Chacun doit assumer sa différence. Chacun doit valoriser sa particularité. Mais, passer du même à la diversité ne va pas sans bouleverser nos systèmes de représentations. Car l'identité était basée sur l'identique. Venue du même, l'identité doit basculer du coté de la diversité. L'identité personnelle remplace l'identité sociale. L'identité statique se transforme en identité dynamique. Hier octroyée par le verbe ethnique, l'identité doit être produite à partir de la chair individuelle. Encore attribuée au Deus ex machina de la raison, l'identité nouvelle s'élabore dans les émotions et les sentiments.

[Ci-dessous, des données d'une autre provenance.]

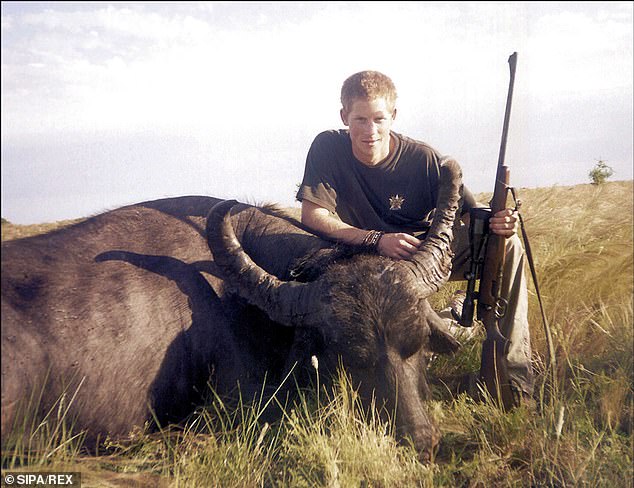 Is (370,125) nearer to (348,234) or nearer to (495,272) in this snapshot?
(348,234)

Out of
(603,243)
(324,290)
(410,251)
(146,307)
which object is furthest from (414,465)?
(603,243)

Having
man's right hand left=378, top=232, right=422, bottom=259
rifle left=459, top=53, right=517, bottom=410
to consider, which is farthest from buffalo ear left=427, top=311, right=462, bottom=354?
man's right hand left=378, top=232, right=422, bottom=259

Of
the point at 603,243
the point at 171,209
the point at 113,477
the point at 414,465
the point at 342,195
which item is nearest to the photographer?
the point at 113,477

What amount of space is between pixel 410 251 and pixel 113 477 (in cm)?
249

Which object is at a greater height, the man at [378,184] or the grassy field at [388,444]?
the man at [378,184]

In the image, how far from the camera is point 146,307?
12.9 ft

Le réel était supposé rationnel (Hegel, Marx). Le verbe était normalisateur par la raison. La chair sera reconnue différenciatrice par les émotions. Le primat du verbe de l'ethnie doit laisser place à la reconnaissance de la chair de chaque individu. Or, si chacun peut revendiquer la responsabilité de son corps (habeas corpus), il n'en va pas de même pour les signes. Car le signe est à deux faces: le signifiant appartient à l'ethnie; le signifié, comme la connaissance, appartient à l'individu.

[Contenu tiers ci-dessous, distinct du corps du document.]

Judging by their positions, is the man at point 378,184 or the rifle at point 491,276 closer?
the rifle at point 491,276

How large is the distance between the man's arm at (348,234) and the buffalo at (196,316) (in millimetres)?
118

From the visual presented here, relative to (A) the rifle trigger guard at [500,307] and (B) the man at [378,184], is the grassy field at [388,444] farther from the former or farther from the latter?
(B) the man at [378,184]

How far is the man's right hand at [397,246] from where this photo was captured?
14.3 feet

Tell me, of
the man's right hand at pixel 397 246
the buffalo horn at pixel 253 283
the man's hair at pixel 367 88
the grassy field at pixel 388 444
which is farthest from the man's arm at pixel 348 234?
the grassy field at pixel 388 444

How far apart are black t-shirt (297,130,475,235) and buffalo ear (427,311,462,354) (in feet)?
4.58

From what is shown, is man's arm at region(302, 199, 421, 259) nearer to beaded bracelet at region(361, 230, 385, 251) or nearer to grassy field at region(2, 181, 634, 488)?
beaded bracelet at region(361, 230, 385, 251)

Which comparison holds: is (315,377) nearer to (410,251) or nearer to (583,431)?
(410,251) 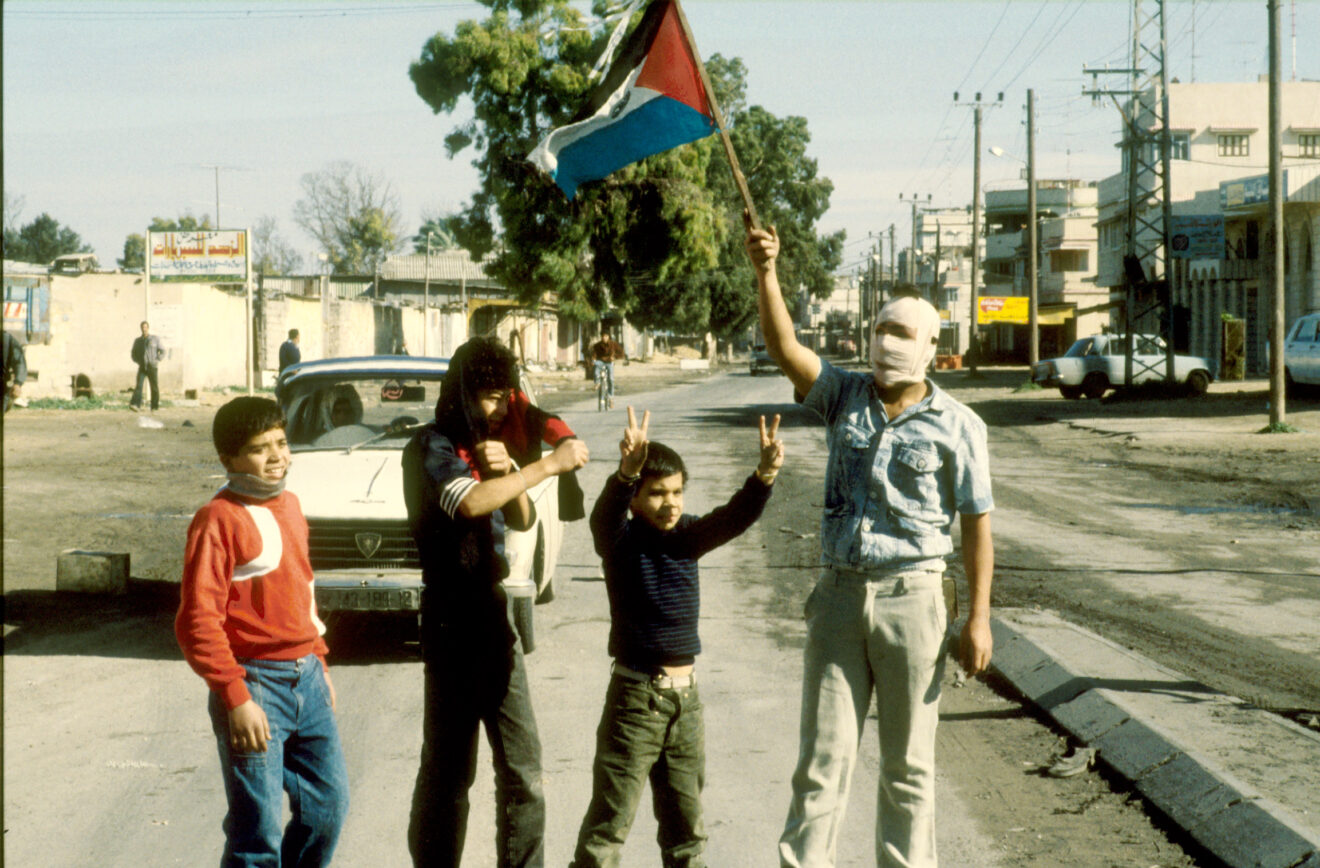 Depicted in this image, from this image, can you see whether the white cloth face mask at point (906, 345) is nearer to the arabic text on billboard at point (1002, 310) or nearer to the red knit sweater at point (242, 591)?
the red knit sweater at point (242, 591)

Au-delà des émotions qu'il ressent dans son corps, chacun exprime sa différence avec des signes à deux faces ou des mots à triple valeur. Dans sa chair, la symbolique associée au signe lui est propre. Mais, dans le verbe, le sens commun ne lui appartient pas. Car si le signe et le symbole se distinguent rigoureusement par leurs concepts, ils sont inséparables dans les mots avec lesquels nous désignons les choses. Le mot est à la fois signe collectif et symbole individuel. En effet, la mémorisation des signes de la représentation collective passe par des symboles personnels affectés. Le verbe ethnique, s'enracine dans la chair individuelle. Aujourd'hui, le signe se transforme en signal dans le dialogue homme-machine. Il dirige la transformation de la matière naturelle. C'est ainsi que le verbe organise, aussi, la production des marchandises par les marchandises.

Né dans les cerveaux de nos lointains ancêtres, le verbe a développé un don d'ubiquité:

Mais cette généralisation du verbe triomphant entraîne maintenant sa relativisation. Le temps du bluff conquérant est révolu. Le verbe doit s'interconnecter avec la chair et avec la matière. Le signe doit s'interfacer avec le symbole et le signal.

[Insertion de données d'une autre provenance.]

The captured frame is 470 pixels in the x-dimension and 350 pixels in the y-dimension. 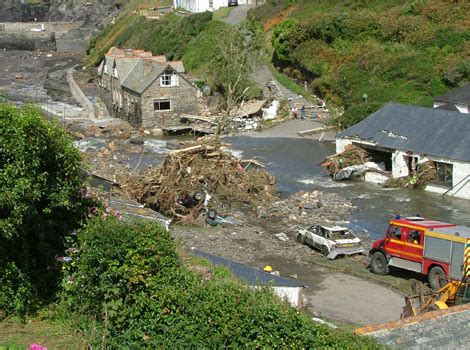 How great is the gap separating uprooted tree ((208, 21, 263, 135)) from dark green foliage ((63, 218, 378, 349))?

Il faut tenir compte de la priorité de la nature sur la culture. Nous devons intégrer la double localisation, interne et externe, de la nature par rapport à l'individu. Cela implique de donner toute son importance au dialogue du verbe et de la chair dans le développement du sujet. Pour cela, la science ne peut pas fonctionner uniquement sur le mode réducteur, en direction de la physique. L'information ne se réduit pas au signal. Toute information signifiante pour l'être humain a une composante émotionnelle en plus de sa composante opératoire. C'est d'ailleurs pourquoi le signe, contrairement au signal, est à double face.


* 4. Le réel et le désir

Puisque le sujet doit faire la synthèse personnelle de l'identité (symbole) et de l'instrumentalité (signal), le système des signes doit communiquer avec les êtres humains et avec les automatismes physiques. C'est un bouleversement du système de représentation qui s'annonce et qui s'amorce. Le verbe (logos, philosophie) ne peut pas flotter au-dessus d'un vide pré-culturel et anti-naturel. Le verbe émerge de la nature interne par le fonctionnement de l'inconscient. Les désirs et les émotions sont donc premiers par rapport au logos (raison). C'est l'échange des émotions, dans le réseau des liaisons, qui conditionne l'orientation des désirs et l'élaboration des besoins. Comme le disent Deleuze et Guattari: "Ce n'est pas le désir qui s'étaie sur les besoins, c'est le contraire, ce sont les besoins qui dérivent du désir: ils sont contre-produits dans le réel que le désir produit. Le manque est un contre-effet du désir, il est déposé, aménagé, vacuolisé dans le réel naturel et social. (L'Anti-Oedipe, p. 34)". C'est le manque organisé dans l'économie de propriété (Bataille). Par contre, la percolation des besoins est la clef de l'évolution des réseaux socio-techniques de l'économie de location (réduction de la sphère de l'appropriation).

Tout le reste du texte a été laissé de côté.